Sunday, August 25, 2013


This is the second night in a row we are at the church for a baptism.  They saved the water from last night, so the water will be cold!


Monday, August 12, 2013

Tuesday, August 6, 2013

Journal Entry 1August 2013 ~ Dos Carabineros y dos Borachos

One of our first nights here in Illapel (a little village in a valley in the Andes Mtns), we were driving from our casa in Cuz Cuz into town to a meeting at the church. The town has many one-way streets and as it happened we turned the wrong direction on one of them and straight ahead saw the Red-Flashing lights of the Carabineros (state police).  They immediately descended upon us. After giving Dale some scrutiny and viewing his North Carolina license, he was told that Class “C” in Chile was only valid for driving a motorcycle and not a car. (Of course on the back-side of his license is the description (in English) of what it’s valid for in the U.S.)   The Carabinero (a?) informed Dale that she could take his license away right then because he needed a paper/certificate to go with it.  She returned his license telling us to get the certificate. However, she did not know how or where we could obtain it!
Yesterday (31Aug) as we left the church in Los Vilos (a small town on the coast) to get some lunch, a Boracho (drunk) was begging for money and stepped into our path holding his hat our. Dale spoke with him and after seeing Dales Name Tag, he claimed that at one time he had joined our church and so was a member (but keep in mind he wanted $ and was intoxicated). Dale promptly offered to buy his lunch so we proceeded to a little café across the street where we ordered Pollo y Papa fritas (chicken and French fries). The café gave us a discount seeing that we were buying his lunch.  He (Patricio) was very emotional and promised us he would try to contact the Elders soon and get his act together as he really wanted to get his life and family back.
Later, as we were leaving L.V. about 4pm to drive back to our home in Illapel, we turned off the interstate to head east up the mountain highway.  A large, uniformed Carabinero was blocking the road with his vehicle and motioned us to pull over. After questioning us a bit he then asked if we would be willing to take his partner (a young twenty-something Carabinero) with us to Illapel.  Of course we said “Si”.  The young man was kind and courteous. Dale conversed with him (have you noticed Dale always does the talking? ….it’s been kind of a role reversal for us but my Spanish is still very basic) as we drove home (about 1 ¼ hour drive).  The Carabinero He told us that he was carrying important documents for the Police in Illapel.  He said he knew of our church & had met with some missionaries when he was a little boy and still remembered them.  Dale gave him an over-view of the Book of Mormon and he said he would love a copy of it for his own.  So we stopped by our house to get him one since it was on our way. When we pulled up to the house he immediately jumped out and carried in the groceries we had with us without even being asked.
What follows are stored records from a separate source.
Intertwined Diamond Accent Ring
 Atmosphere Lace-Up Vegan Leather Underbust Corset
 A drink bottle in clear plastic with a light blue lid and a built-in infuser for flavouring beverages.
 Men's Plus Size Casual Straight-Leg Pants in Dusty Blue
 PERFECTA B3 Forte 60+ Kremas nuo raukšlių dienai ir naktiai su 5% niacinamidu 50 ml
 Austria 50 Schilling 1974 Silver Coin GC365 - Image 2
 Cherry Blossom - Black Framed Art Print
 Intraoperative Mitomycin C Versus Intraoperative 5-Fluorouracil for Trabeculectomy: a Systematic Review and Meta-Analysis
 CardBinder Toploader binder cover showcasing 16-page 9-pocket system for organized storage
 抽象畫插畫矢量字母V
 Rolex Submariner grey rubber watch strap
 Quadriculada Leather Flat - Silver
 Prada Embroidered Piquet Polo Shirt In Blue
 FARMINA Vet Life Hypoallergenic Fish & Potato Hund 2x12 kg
Dale then took him into the Police station.
Later that evening we drove to the church for a meeting with the Young Women (One of my responsibilities here is to instruct and help the girls 12-18yrs of age in our district which covers four towns).  This night the girls were gathering for Mutual and it was their first time in several years to have this type of activity. Dale and I brought Chips (tortilla-which are hard to find here) and a Mexican Dip (it has Cream cheese in it which evidently is a new product here. In fact when I saw it at the store in Combarbala there were 2 old women pointing at it and asking me what it was. Now let me tell you that was a very short and lame discussion with them as I could NOT for the life of me think of how to tell them what Philadelphia Cream Cheese was, much less in Spanish J  The chips and dip were a big hit with the girls!  Our activity started late & went over time (customary Latina time) and it was 10pm before we realized it.  We were giving a ride to the 2 younger (about 20years old) Sister Missionaries & their curfew is 10pm.  As luck would have it when we were leaving the church we encountered yet another boracho. Dale and another church leader (Pres. Cortes) stopped to check on him as there were 2 concerned women around him telling him he should not sleep on the street on such a cold night.  It turns out this man also was once a member as he had been baptized at 11years of age.  His mother and aunt were members but he had lost his way and was desperate and ashamed of his lifestyle and being homeless. Some discussion was ensued as to what to do.  In the mean time the Zone leaders who live in an apt. very near the church, spied from their upstairs window, the young Sister Missionaries waiting for us so they could get back home to Cuz Cuz.  They began hollering at them asking why they were out so late etc.  (It is against the mission rules for the young ones to be out past 10pm).  We managed to leave pretty quickly then later Dale called the ZLs to explain that it was our fault the sisters were out so late. 
So we are getting well acquainted with the local people and customs here in Chile. The members are all welcoming us into their lives. The gospel of Jesus Christ brings us all together as brothers and sisters and it is always amazing and wonderful to feel such love, friendship and kinship so quickly with complete strangers as we recognize this common bond. The missionaries here are all from many different countries but we feel as one in our purpose which is to bring souls to Christ.  The life here is hard for the people. They are not highly educated and most work at jobs as miners, farmers or else they run small businesses in the towns or do odd jobs such as cleaning, washing and night-watch duty.  When we first arrived at our casa I thought it would be hard to acclimate to such meager surroundings but now view it as a mansion compared with the other homes. We have cleaned and re-arranged it so it’s comfortable and we can study and work here in peace. We use our little house for discussions and Family Home Evenings and other activities.  It is becoming a real home but we still miss you, our dear family and friends!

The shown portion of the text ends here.